Phuttiphong Aroonpheng’s beautiful debut feature, about a Rohingya refugee and the Thai fisherman who rescues him, tells a complex story of friendship with minimalistic ease.
Dedicated to the Rohingya refugees who have perished at sea or were found dead in mass graves, Manta Ray ponders the concepts of identity and foreignness, and the reluctance to welcome “strangers” into our lives.

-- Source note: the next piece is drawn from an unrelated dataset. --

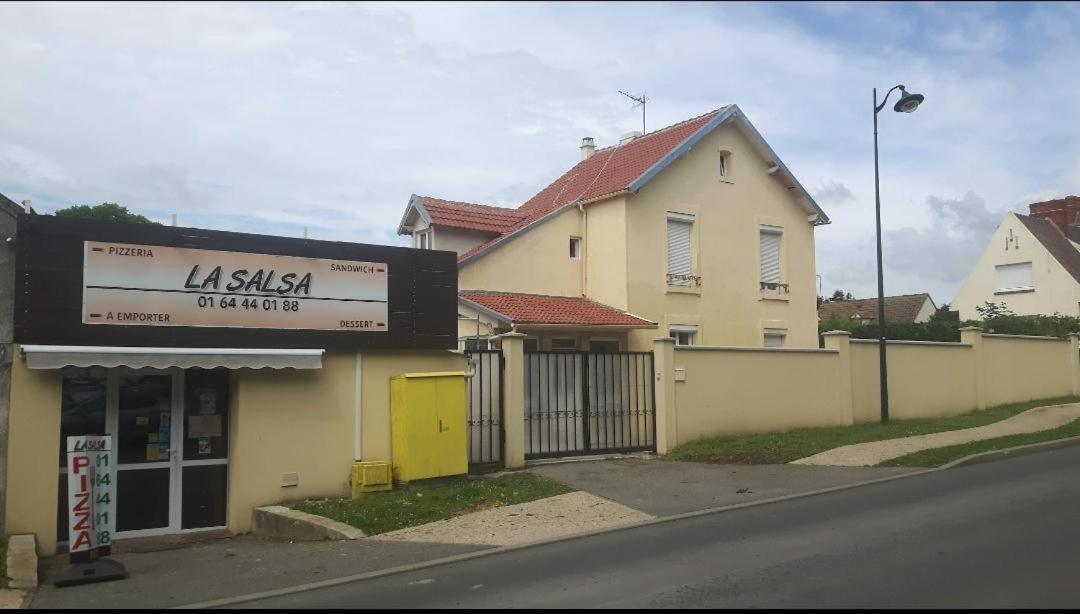 7 Minutes De L'Aeroport Cdg 5 Bed and Breakfast Thieux  Esterno foto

A fisherman (Wanlop Rungkumjad) living near a coastal village in Thailand, collects stones from the forest to help him catch giant manta rays. A tangled mess of roots, branches, and vines glimmering with twinkling lights, the forest, its surface covered in fallen leaves, hides not only the shiny rocks, but also human bodies, buried in haste. The “mute” (Aphisit Hama), is one of those bodies, except when Nobi finds him, he is alive, covered in mud, and severely injured. The fisherman takes him home, cares for him, and names him Thongchai, after a famous singer.
The fisherman has difficulty communicating with the non-verbal Thongchai, but the two men nevertheless grow fond of each other. When the fisherman suddenly disappears at sea, Thongchai anxiously looks for him around town and on the fishing boats. Unable to find him, he continues to live in the fisherman's house, fishing in the way he had been taught. His identity blurs into the fisherman's until one day he’s surprised by an unexpected visitor.
Phuttiphong Aroonpheng is a talent to watch and his debut feature tells a complex story of friendship with minimalistic ease. Images of great beauty accompany the concise dialogue of a simple script that perfectly embraces the narrative style of this jewel-like film.